John Ewing (1732–1802) was an American Presbyterian pastor of the First Presbyterian Church in Philadelphia from 1759 until his death in 1802 and served as the provost (president) of the University of Pennsylvania from 1780 to 1802. He also was a noted mathematician.

==Early life==
Ewing and his twin brother, James, were born on June 22, 1732, in Cecil County, Province of Maryland. Their parents, Nathaniel Ewing and Rachel Porter, had emigrated to America several years earlier from Northern Ireland. Ewing married Hannah Sergeant in 1758, and they had 12 children.

Ewing was educated at a Pennsylvania prep school run by the Rev. Francis Alison, a respected classical scholar, and at the College of New Jersey (today's Princeton University), where he graduated with the class of 1754.

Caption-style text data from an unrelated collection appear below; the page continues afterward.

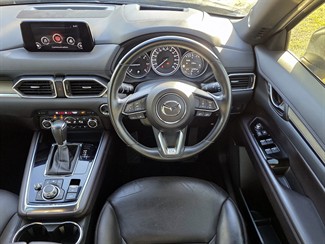 2020 Mazda Cx-8 - Thumbnail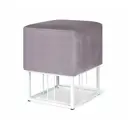 Пуф Sheffilton 35x35 см цвет сиреневый Б-10_2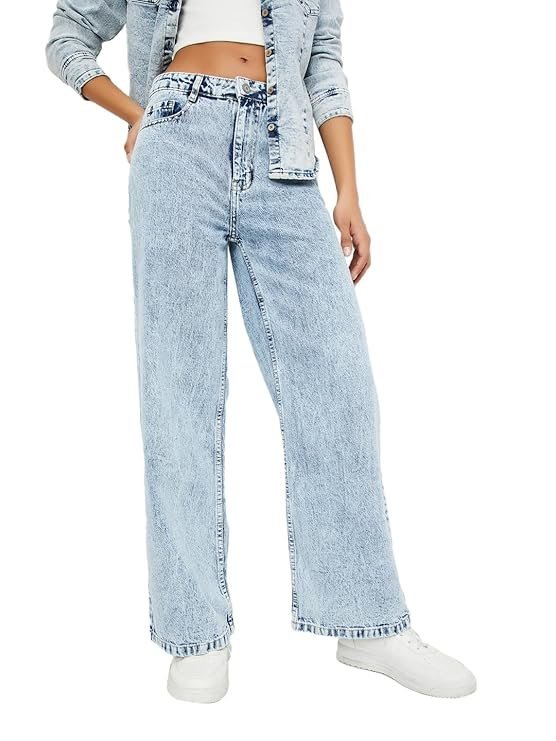 Max Women's Regular Jeans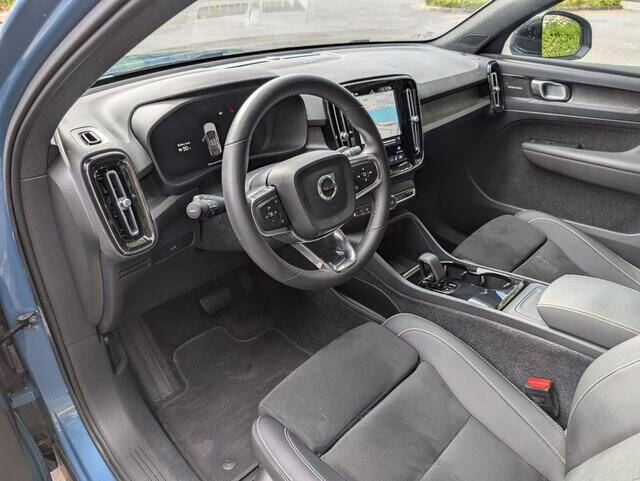 2023 Volvo C40 Recharge Twin Ultimate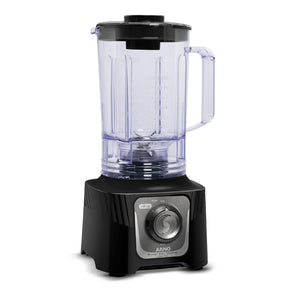 Liquidificador Arno Power Max Comfort Control 1200W Limpa Fácil Preto LN79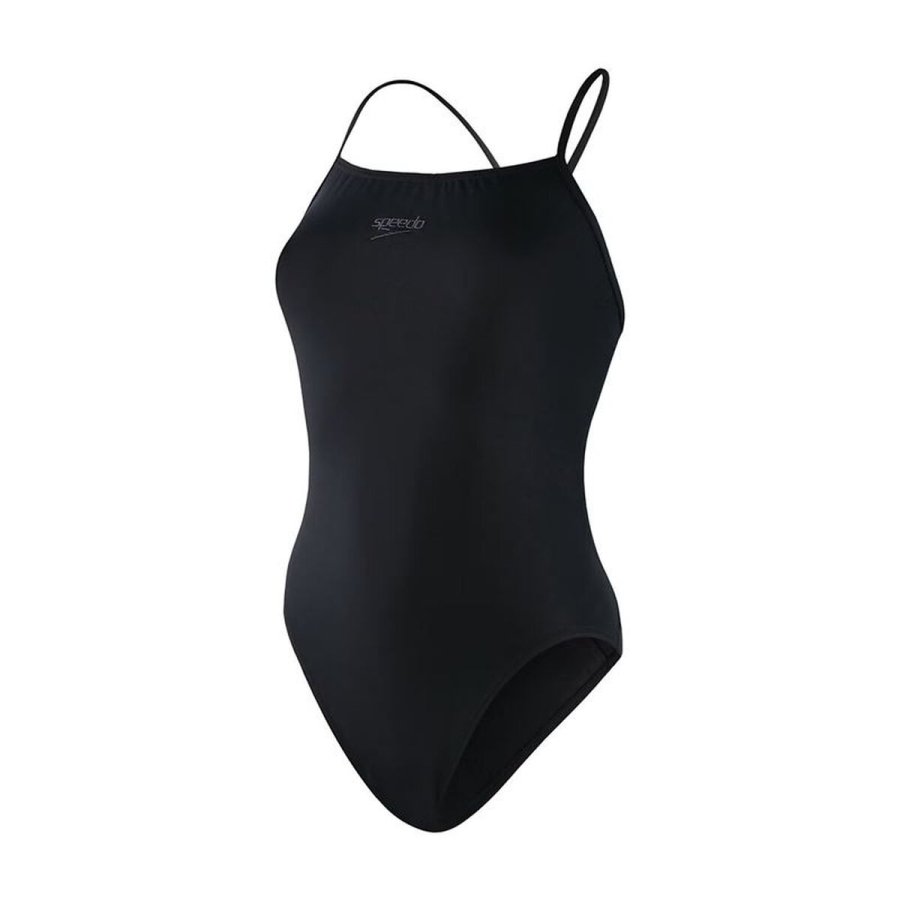 Badet�j til Kvinder Speedo Endurance+  Sort #2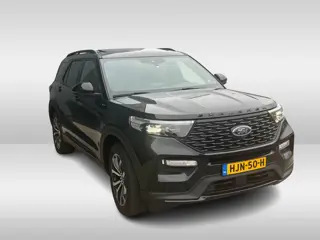 Ford Explorer 3.0 V6 EcoBoost PHEV ST-Line / Trekhaak / Panoramadak / 360Camera / Keyless / 20'' / L
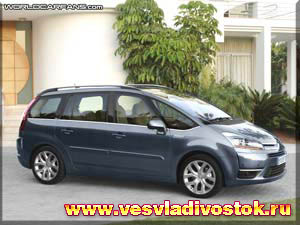 Citroen C4 Picasso 2. 0 16V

After working as a tutor at Alison's school, Ewing joined the faculty at the College of Philadelphia (today's University of Pennsylvania) in 1758 as a professor of ethics. He became a professor of natural philosophy in 1762.

==Clergy==
In 1759, Ewing also became a pastor at the First Presbyterian Church, where Alison also had served as a pastor. Ewing's sermons were popular with the general churchgoers and educated elites, according to a Presbyterian historian. A selection of his sermons was published in 1812.

Ewing's senior role in the Presbyterian Church in Philadelphia earned him a position on the University of Pennsylvania's board of trustees from 1779 to 1802. He became the university's provost in 1780.

Ewing's scientific pursuits included observing the 1769 Transit of Venus from an observatory at the State House Yard and assisting with the routing of the boundary line for the state of Delaware and the path for the Philadelphia and Lancaster Turnpike. He joined the American Philosophical Society in 1768 and served as the treasurer of the Corporation for the Relief of Poor and Distressed Presbyterian Ministers, one of the earliest American life insurance companies.

Ewing traveled to Britain in 1773 to raise money for the Newark Academy in Delaware. During the trip, he was awarded an honorary doctor of divinity from the University of Edinburgh and met with a number of prominent Britons, including Lord North, who was the prime minister, and Dr. Samuel Johnson, the English writer.